-- About this task --
What's needed is the listing below, repeated word for word with no pictures.

-- Data below --
..........

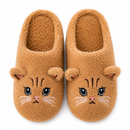 Pantufa Pelúcia Gatinho Antiderrapante Quentinha e Confortável para Inverno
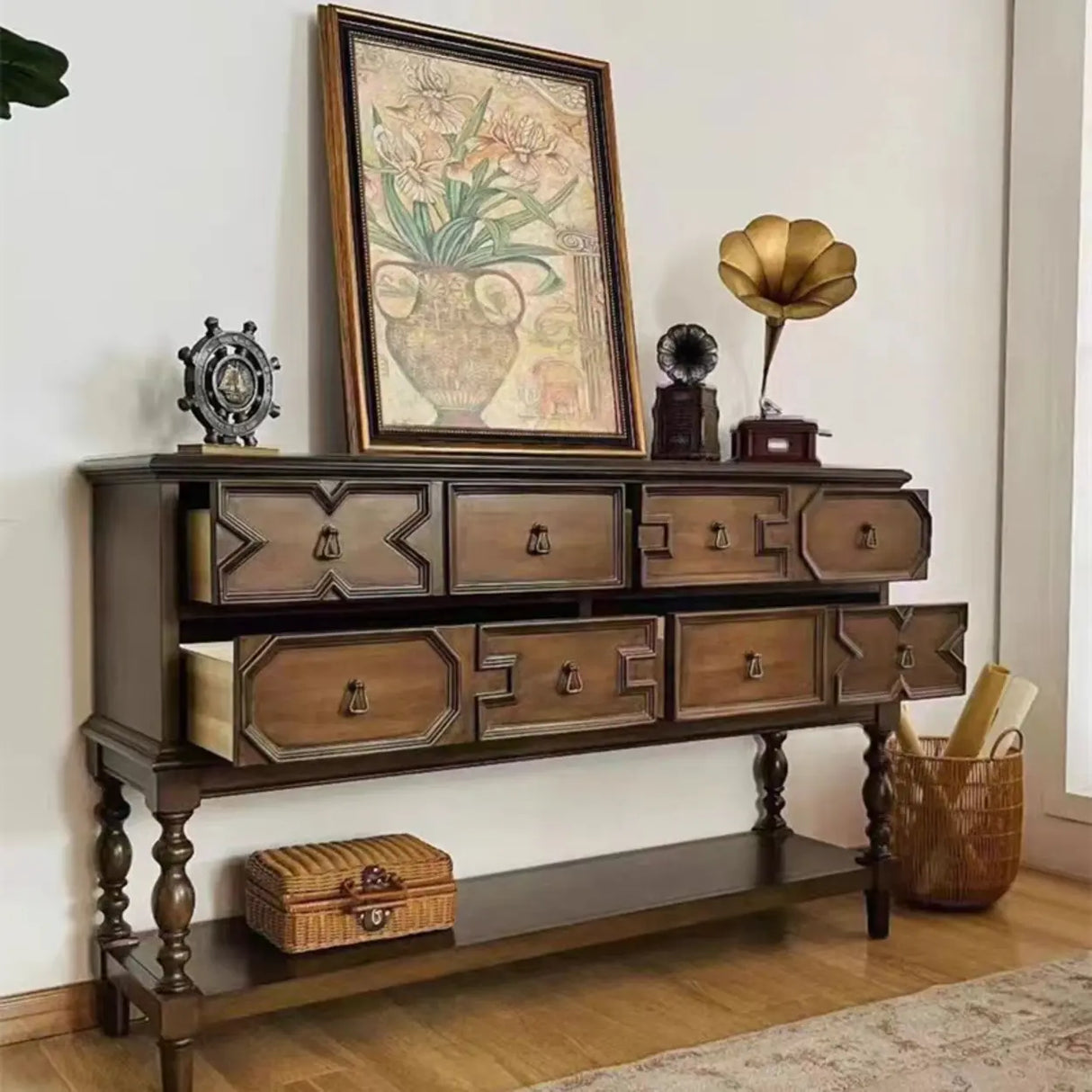 Birch Wood Dark Finish Storage Floor Shelf Console Table Image - 8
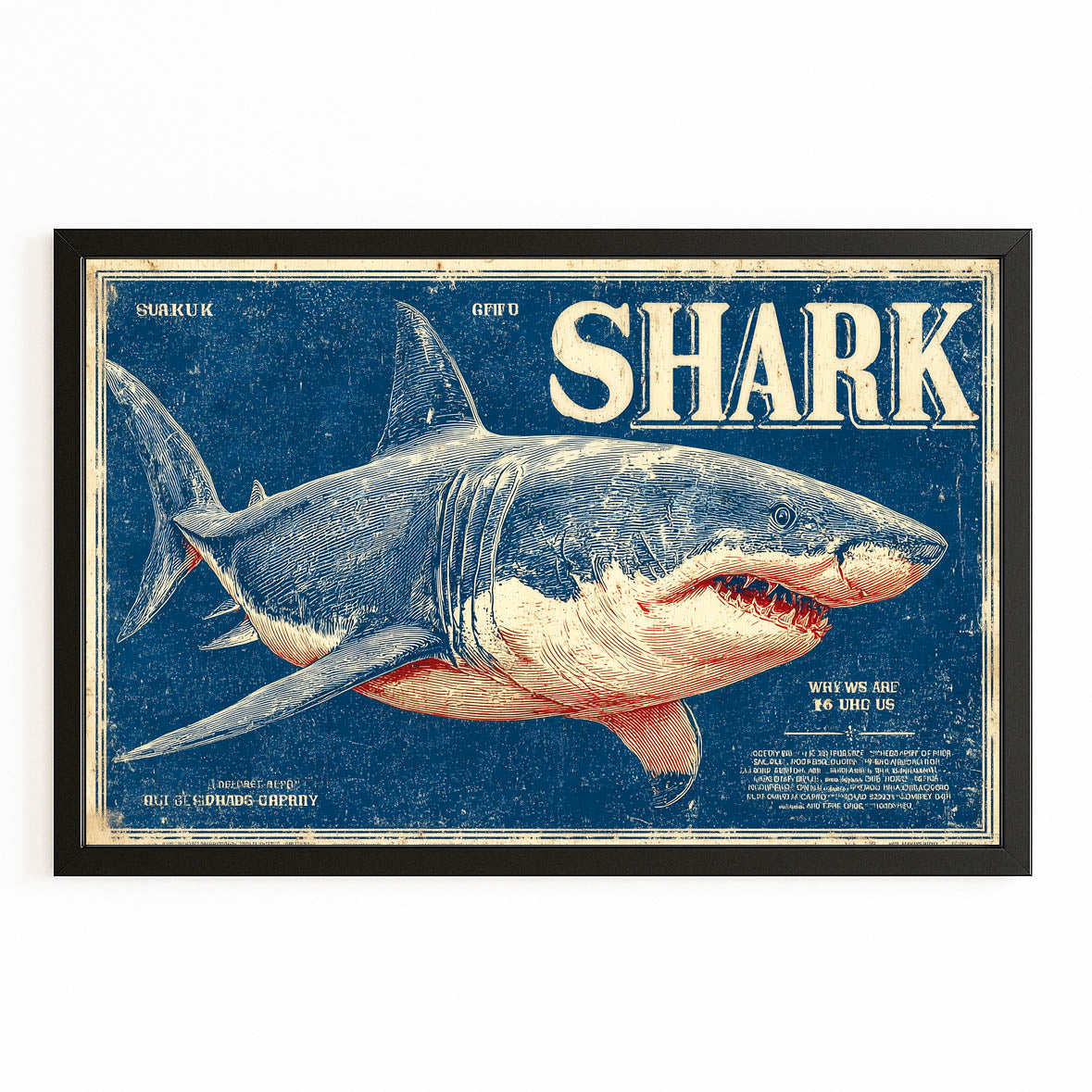 Vintage Shark Poster Shark Canvas – with Premium Black frame on white background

..........

-- Response area --
 Pantufa Pelúcia Gatinho Antiderrapante Quentinha e Confortável para Inverno
 Birch Wood Dark Finish Storage Floor Shelf Console Table Image - 8
 Vintage Shark Poster Shark Canvas – with Premium Black frame on white background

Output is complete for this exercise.